Using the data that follows, return exactly the lines from the one that contains "Derek Carr retires: Options" through the one that contains "3575 Canyon Road, Spallumcheen", ends included.

EXCERPTED RECORDS
^^^^^^^^

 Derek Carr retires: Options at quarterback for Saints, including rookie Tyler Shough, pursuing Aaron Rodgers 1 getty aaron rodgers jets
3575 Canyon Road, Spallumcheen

^^^^^^^^

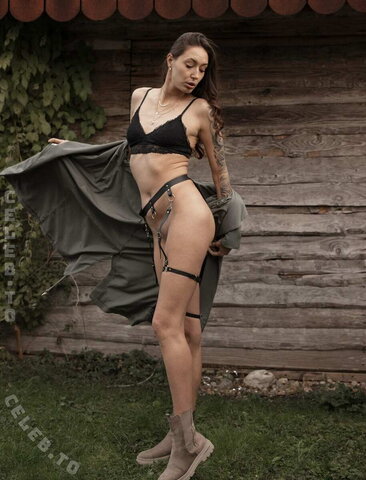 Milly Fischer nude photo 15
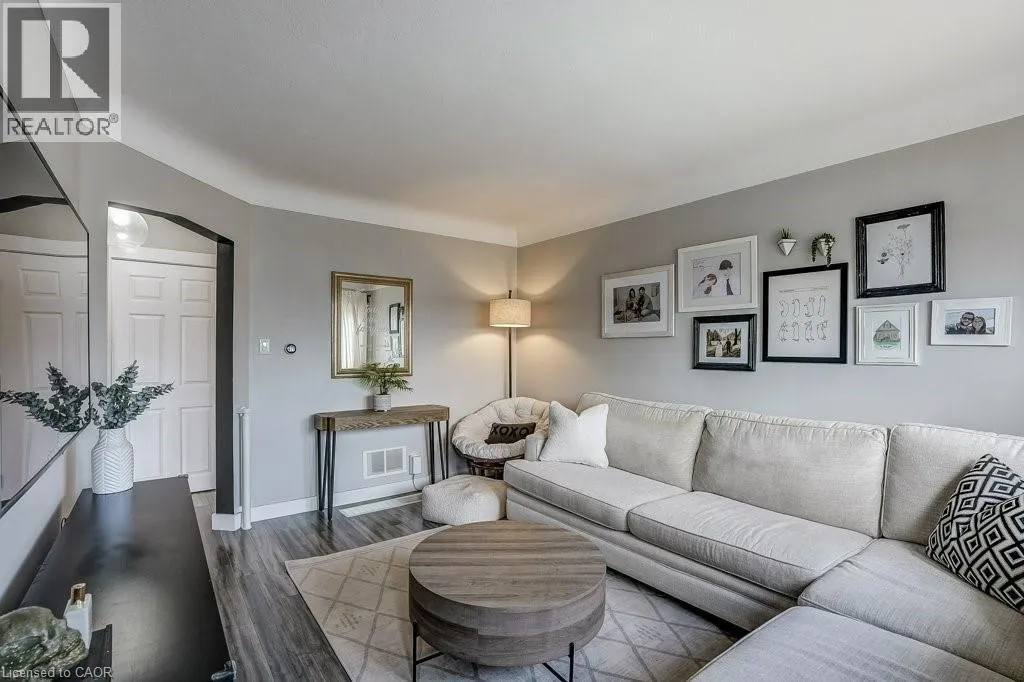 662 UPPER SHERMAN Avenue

^^^^^^^^

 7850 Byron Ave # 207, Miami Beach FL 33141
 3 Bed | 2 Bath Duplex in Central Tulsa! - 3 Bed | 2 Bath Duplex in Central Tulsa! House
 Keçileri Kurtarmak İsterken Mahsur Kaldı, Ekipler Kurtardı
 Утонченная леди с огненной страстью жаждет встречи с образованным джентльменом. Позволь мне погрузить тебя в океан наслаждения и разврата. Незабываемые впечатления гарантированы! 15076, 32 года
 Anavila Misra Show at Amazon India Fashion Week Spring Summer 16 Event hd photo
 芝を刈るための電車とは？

^^^^^^^^

ANSWER TO THIS PROBLEM
 Derek Carr retires: Options at quarterback for Saints, including rookie Tyler Shough, pursuing Aaron Rodgers 1 getty aaron rodgers jets
3575 Canyon Road, Spallumcheen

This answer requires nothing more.